Şimdi ortada kocaman bir çamaşır sepeti var. 21 senedir bu sepete çamaşırlar atılmış ve kimse kapağını açmayı akıl etmemiş. İçeriden iğrenç kokular yükseliyor. İktidarın değişmesiyle birlikte o çamaşır sepetinin yere saçılacağının ve kirli çamaşırların ortaya çıkacağının herkes farkında. Yeni dönemde hiçbir bürokrat “O Müdür var ya… Hah! İşte o müdür 2023 seçimlerinde AKP’nin aday adayıydı…” diye anılmak istemeyecektir.

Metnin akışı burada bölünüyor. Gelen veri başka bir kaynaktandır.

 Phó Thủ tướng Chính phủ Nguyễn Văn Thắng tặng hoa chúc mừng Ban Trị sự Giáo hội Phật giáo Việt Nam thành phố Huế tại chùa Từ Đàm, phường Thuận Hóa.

Dolayısıyla az sayıdaki muhalifiyle, çok sayıdaki iktidar yandaşıyla bürokrasi, bu seçimlerle adının anılmasını pek istemiyor. Her iki tarafından kendince haklı olan korkuları var çünkü…
Sıktı artık şu EYT
Emeklilikte Yaşa Takılanların sorunlarının çözüleceğinin belirtilmesinin üzerinden çok zaman geçti. Ancak ortada hiçbir şey yok. İlk olarak Tayyip Erdoğan “Bu işi 2023’e bırakmayacağız” dediği zaman EYT’liler adına umutlanmıştık. Fakat Sayın Cumhurbaşkanının sözü yere düştü ve iş 2023’e kaldı. İktidar cenahı bu skandalı unutturmak için, “Ocak ayında çözeceğiz işte? Ne istiyorsunuz bre nankörler size…” mealinde açıklamalarla milleti oyalamaya çalıştı. Şimdi Ocak ayını da geçtik ve bir ara “Şubatta çözeriz” diyenler bile şimdilerde mart ayından bahsetmeye başladı. Son olarak AK Partili Grup Başkan Vekili Yılmaz Tunç, “EYT için tarih vermek mümkün değil” diyerek çıkmaz ayın son çarşambasını işaret etti.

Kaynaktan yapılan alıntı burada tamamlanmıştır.